> [WHAT THE EXERCISE ASKS] From the entries below, return exactly the lines beginning at the one that contains "ИЗ ПАСХИ В ДЕНЬ ТРАНСГЕНДЕРОВ⚡️⚡️⚡️" and ending at the one that contains "12🔥12 SHANJIE Ready", both of them included, and only those lines.

> [RECORDS TO PROCESS]
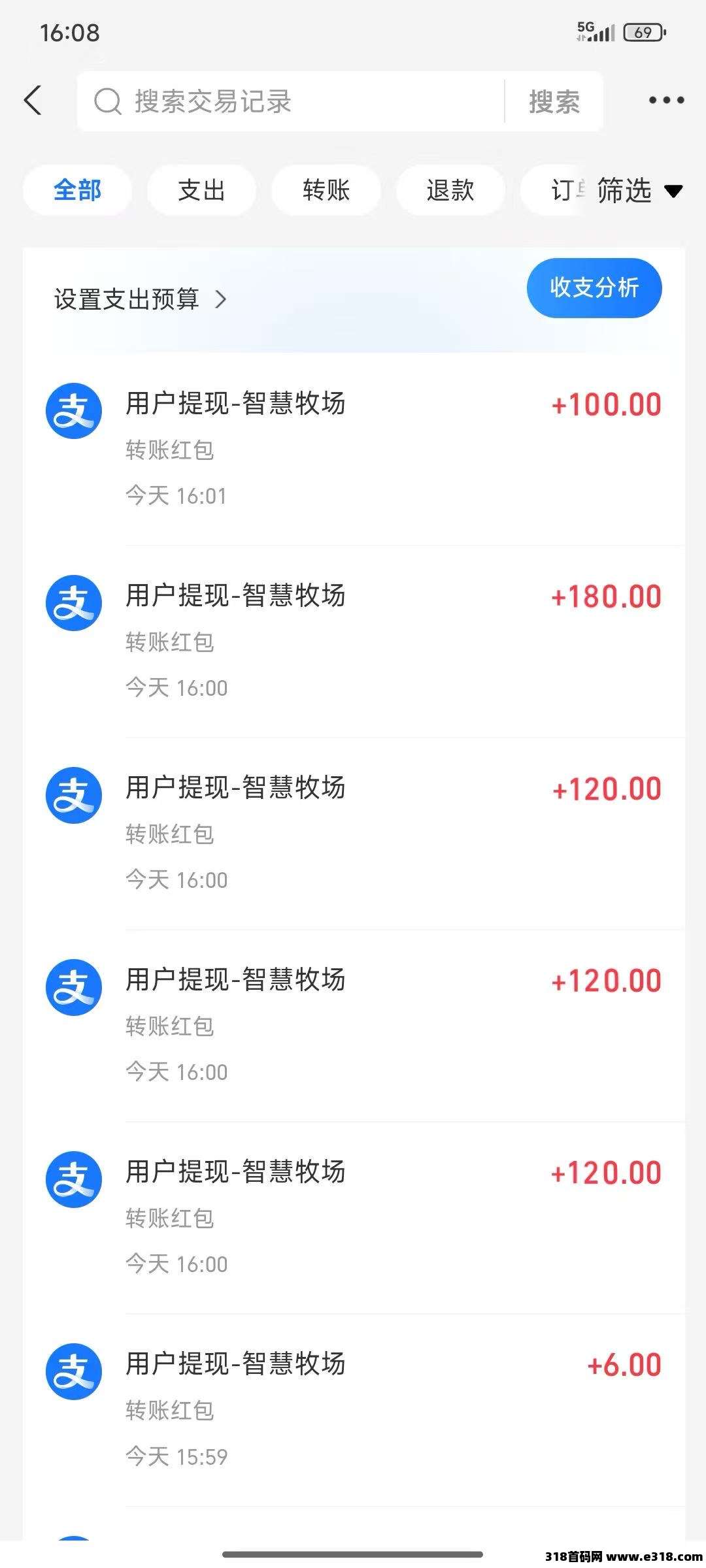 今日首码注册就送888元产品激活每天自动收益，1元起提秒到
* * *
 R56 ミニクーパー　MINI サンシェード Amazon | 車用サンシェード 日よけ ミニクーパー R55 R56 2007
==
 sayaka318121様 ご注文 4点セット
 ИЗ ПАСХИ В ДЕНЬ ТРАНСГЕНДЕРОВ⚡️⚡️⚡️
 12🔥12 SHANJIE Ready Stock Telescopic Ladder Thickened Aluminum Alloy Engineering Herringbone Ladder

> [YOUR RESPONSE]
 ИЗ ПАСХИ В ДЕНЬ ТРАНСГЕНДЕРОВ⚡️⚡️⚡️
 12🔥12 SHANJIE Ready Stock Telescopic Ladder Thickened Aluminum Alloy Engineering Herringbone Ladder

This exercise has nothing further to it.